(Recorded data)
..........

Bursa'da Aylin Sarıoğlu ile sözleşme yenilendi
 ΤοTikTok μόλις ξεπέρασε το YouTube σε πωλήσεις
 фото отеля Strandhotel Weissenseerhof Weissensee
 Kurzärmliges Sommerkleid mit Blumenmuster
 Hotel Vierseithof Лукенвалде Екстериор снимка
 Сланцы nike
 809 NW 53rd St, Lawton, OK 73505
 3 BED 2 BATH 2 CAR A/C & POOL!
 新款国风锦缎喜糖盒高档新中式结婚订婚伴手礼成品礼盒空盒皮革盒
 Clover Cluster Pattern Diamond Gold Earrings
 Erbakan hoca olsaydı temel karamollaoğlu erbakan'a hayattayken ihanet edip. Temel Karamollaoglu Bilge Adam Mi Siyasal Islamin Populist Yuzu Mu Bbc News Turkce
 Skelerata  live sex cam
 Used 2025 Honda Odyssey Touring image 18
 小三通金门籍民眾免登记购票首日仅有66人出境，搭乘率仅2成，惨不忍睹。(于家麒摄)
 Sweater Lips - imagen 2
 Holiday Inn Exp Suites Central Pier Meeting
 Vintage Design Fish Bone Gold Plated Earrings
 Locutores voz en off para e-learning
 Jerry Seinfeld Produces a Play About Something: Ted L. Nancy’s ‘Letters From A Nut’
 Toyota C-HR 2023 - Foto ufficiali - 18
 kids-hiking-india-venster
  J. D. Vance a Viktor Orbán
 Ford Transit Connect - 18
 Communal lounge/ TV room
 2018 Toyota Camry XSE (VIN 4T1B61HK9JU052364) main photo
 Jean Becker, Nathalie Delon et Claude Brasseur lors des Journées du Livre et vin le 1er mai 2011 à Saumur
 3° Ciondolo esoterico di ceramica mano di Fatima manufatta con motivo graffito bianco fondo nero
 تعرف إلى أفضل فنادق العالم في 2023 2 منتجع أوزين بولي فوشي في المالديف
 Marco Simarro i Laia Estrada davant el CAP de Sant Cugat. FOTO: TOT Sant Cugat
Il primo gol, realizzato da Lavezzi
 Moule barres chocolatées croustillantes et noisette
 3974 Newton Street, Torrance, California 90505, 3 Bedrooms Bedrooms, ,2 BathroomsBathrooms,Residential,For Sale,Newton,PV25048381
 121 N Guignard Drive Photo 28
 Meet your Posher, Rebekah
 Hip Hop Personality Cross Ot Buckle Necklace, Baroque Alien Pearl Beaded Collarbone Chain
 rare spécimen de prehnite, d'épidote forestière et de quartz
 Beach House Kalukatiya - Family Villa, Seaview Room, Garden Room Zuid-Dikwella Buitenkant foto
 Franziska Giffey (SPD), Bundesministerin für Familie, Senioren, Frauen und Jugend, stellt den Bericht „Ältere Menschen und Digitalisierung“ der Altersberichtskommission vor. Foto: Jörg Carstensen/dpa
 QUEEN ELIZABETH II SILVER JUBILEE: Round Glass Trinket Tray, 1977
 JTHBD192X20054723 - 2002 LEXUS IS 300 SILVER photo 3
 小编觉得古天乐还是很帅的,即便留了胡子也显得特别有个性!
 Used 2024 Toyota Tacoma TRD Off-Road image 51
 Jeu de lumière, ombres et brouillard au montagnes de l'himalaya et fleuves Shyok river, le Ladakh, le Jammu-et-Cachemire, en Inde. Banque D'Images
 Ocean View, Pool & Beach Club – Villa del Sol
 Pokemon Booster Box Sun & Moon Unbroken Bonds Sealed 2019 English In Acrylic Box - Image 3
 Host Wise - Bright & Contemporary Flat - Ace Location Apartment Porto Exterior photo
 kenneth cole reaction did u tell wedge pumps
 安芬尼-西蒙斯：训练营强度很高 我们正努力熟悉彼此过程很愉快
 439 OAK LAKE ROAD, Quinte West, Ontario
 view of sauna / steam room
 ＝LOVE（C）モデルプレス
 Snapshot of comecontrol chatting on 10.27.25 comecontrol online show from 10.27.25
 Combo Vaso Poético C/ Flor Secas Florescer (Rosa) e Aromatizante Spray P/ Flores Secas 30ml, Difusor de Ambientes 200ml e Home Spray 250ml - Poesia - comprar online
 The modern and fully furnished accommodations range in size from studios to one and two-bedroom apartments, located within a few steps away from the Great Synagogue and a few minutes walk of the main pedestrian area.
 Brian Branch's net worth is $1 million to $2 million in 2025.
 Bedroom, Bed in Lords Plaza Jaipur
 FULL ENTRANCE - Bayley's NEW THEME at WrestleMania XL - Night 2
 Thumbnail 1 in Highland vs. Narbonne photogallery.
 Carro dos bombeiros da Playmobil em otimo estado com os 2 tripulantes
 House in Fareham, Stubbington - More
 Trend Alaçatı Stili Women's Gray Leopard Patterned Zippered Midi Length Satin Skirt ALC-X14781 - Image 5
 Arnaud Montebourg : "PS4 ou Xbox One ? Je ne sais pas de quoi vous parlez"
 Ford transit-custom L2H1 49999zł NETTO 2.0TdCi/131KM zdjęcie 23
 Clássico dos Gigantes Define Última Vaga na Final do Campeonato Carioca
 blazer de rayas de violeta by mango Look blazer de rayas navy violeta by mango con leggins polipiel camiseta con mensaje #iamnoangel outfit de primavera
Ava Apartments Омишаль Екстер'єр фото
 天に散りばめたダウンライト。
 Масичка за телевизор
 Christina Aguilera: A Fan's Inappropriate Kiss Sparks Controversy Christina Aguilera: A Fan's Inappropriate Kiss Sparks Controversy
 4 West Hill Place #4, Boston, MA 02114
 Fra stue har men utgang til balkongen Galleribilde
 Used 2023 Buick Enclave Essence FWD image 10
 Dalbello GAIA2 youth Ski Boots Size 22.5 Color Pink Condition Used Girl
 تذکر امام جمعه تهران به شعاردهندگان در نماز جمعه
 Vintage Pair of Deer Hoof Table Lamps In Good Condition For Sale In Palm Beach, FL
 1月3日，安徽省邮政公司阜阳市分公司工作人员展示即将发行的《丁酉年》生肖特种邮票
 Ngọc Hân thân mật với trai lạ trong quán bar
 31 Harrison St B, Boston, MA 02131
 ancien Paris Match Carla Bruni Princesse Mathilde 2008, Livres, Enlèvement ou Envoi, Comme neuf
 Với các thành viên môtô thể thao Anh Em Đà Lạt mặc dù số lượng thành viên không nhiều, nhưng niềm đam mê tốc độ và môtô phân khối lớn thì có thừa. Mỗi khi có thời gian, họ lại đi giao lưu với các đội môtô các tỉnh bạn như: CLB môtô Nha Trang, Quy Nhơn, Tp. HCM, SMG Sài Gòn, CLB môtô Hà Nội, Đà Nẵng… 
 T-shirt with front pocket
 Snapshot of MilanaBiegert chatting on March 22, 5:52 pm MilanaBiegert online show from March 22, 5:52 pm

..........

**Exercise**
Transcribe exactly, and only, the lines from the opening line of the records through the line containing "2018 Toyota Camry".

**Exercise response**
Bursa'da Aylin Sarıoğlu ile sözleşme yenilendi
 ΤοTikTok μόλις ξεπέρασε το YouTube σε πωλήσεις
 фото отеля Strandhotel Weissenseerhof Weissensee
 Kurzärmliges Sommerkleid mit Blumenmuster
 Hotel Vierseithof Лукенвалде Екстериор снимка
 Сланцы nike
 809 NW 53rd St, Lawton, OK 73505
 3 BED 2 BATH 2 CAR A/C & POOL!
 新款国风锦缎喜糖盒高档新中式结婚订婚伴手礼成品礼盒空盒皮革盒
 Clover Cluster Pattern Diamond Gold Earrings
 Erbakan hoca olsaydı temel karamollaoğlu erbakan'a hayattayken ihanet edip. Temel Karamollaoglu Bilge Adam Mi Siyasal Islamin Populist Yuzu Mu Bbc News Turkce
 Skelerata  live sex cam
 Used 2025 Honda Odyssey Touring image 18
 小三通金门籍民眾免登记购票首日仅有66人出境，搭乘率仅2成，惨不忍睹。(于家麒摄)
 Sweater Lips - imagen 2
 Holiday Inn Exp Suites Central Pier Meeting
 Vintage Design Fish Bone Gold Plated Earrings
 Locutores voz en off para e-learning
 Jerry Seinfeld Produces a Play About Something: Ted L. Nancy’s ‘Letters From A Nut’
 Toyota C-HR 2023 - Foto ufficiali - 18
 kids-hiking-india-venster
  J. D. Vance a Viktor Orbán
 Ford Transit Connect - 18
 Communal lounge/ TV room
 2018 Toyota Camry XSE (VIN 4T1B61HK9JU052364) main photo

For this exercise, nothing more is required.